Here’s something that frustrates me:
The discomfort of crying in front of people.
I grew up in an environment where you showed others your happy side. The ‘I’m fine’, ‘life’s good’ facade, while hiding any vulnerabilities. Of course, they were for your own eyes only.
So now when I cry, I try to hold it in as best I can in front of people, until it gets physically uncomfortable and then liquid will inevitably leak out of my eyes. I don’t like it, and I find it embarrassing each time.
And that to me, is a problem.
We’ve definitely progressed, with the awareness and mental health resources out there. BUT, underneath it all, there’s still the subconscious belief that:
Vulnerability = weakness.
That to show that you have a HEALTHY set of emotions, it involves discomfort and thoughts of ‘I don’t want to inconvenience anyone’, ‘you better not cry!’.
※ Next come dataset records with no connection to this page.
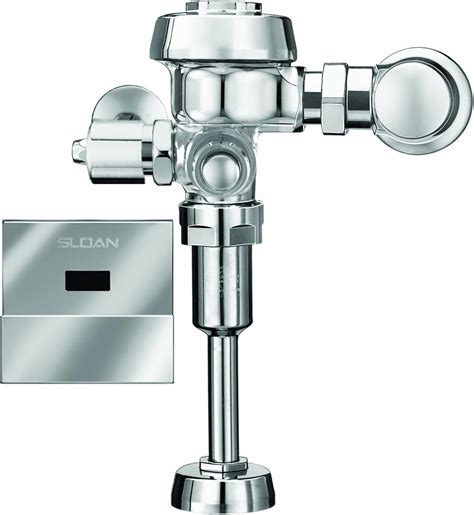Sloan Valve ROYAL 186-1 ES-S Royal Optima Exposed Sensor Activated 1.0 ...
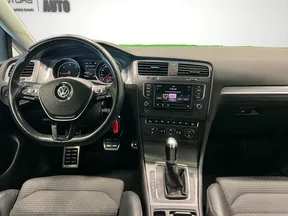 Volkswagen Golf Alltrack 2016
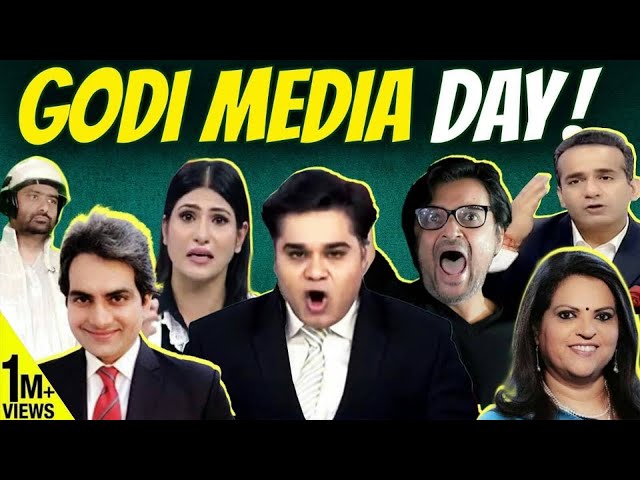 Time to Rename India's National Press Day - As GODI MEDIA DAY? | Akash Banerjee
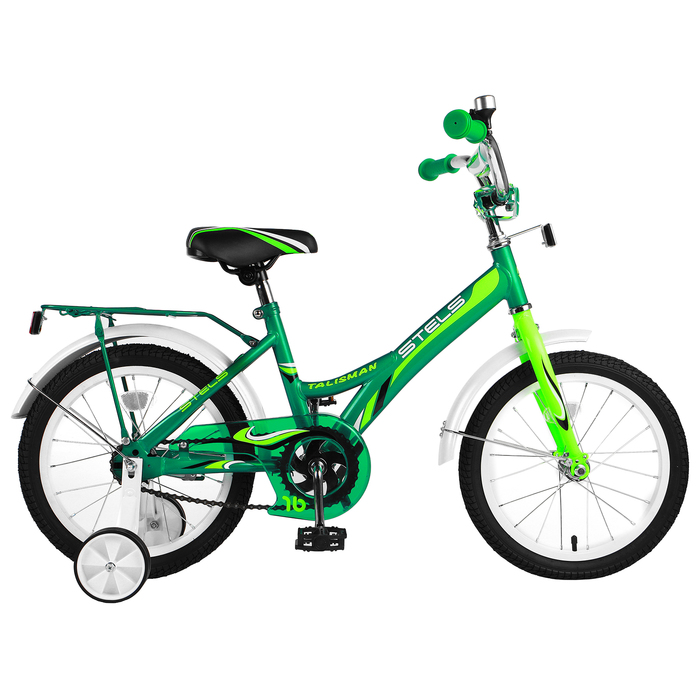 Велосипед 16" Stels Talisman, Z010, цвет зелёный 
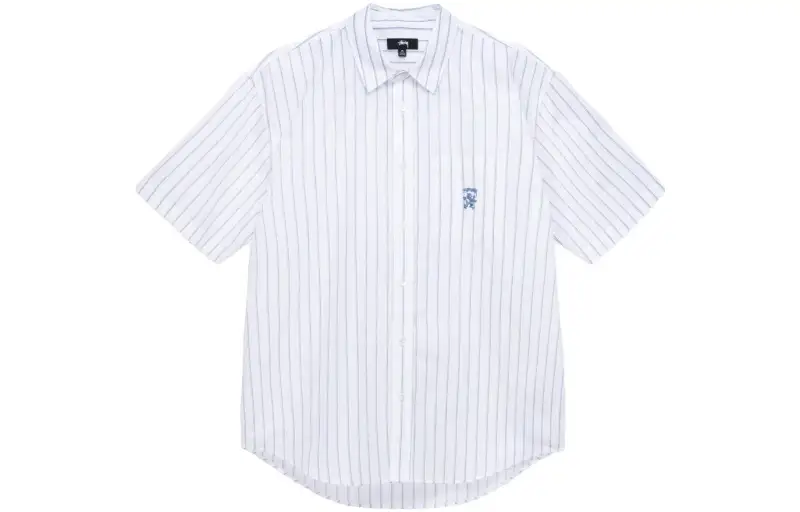 Stussy Boxy Striped Shirt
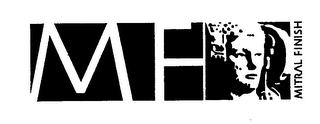 MF MITRAL FINISH logo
Crying is not embarrassing, it is NOT weak, it just is.
Where'd it come from?
We’ve been conditioned to hold it in, and act like we have our shit together.
And I have a feeling why that is:
Kids can be (brutally) mean. Back in primary school, if you showed signs of vulnerability…that meant you were weak ie. perfect choice to get picked on. We learn the skill of putting up a front, and over time it just becomes common practice.
But (most) adults are more understanding, they don’t mock others who are vulnerable. We realise it’s sadism to hold in your tears, why subject yourself to it? (unless if that’s your thing idk…)
VULNERABILITY IS SEXY.
To express your vulnerabilities openly (with or without crying), takes a HEKKIN lot of courage.
I fully admire those who can be themselves, even if that puts them under public scrutiny and side eyes.
Little bean Jo
So growing up, I refused to cry in front of people. Some notable times include:
– During Chinese school when I was 6-7 years old ish, my class was supposed to sing a song in front of the rest of the school. No one really knew what they were doing, and then a kid started crying and I had no idea what my lines were so I just stood there, with my eyes opened as wide as I could. That was my (weird, but effective) trick – to stare straight at people which somehow stopped my tears from coming out. I looked like a freak, but who cares, at least I didn’t cry.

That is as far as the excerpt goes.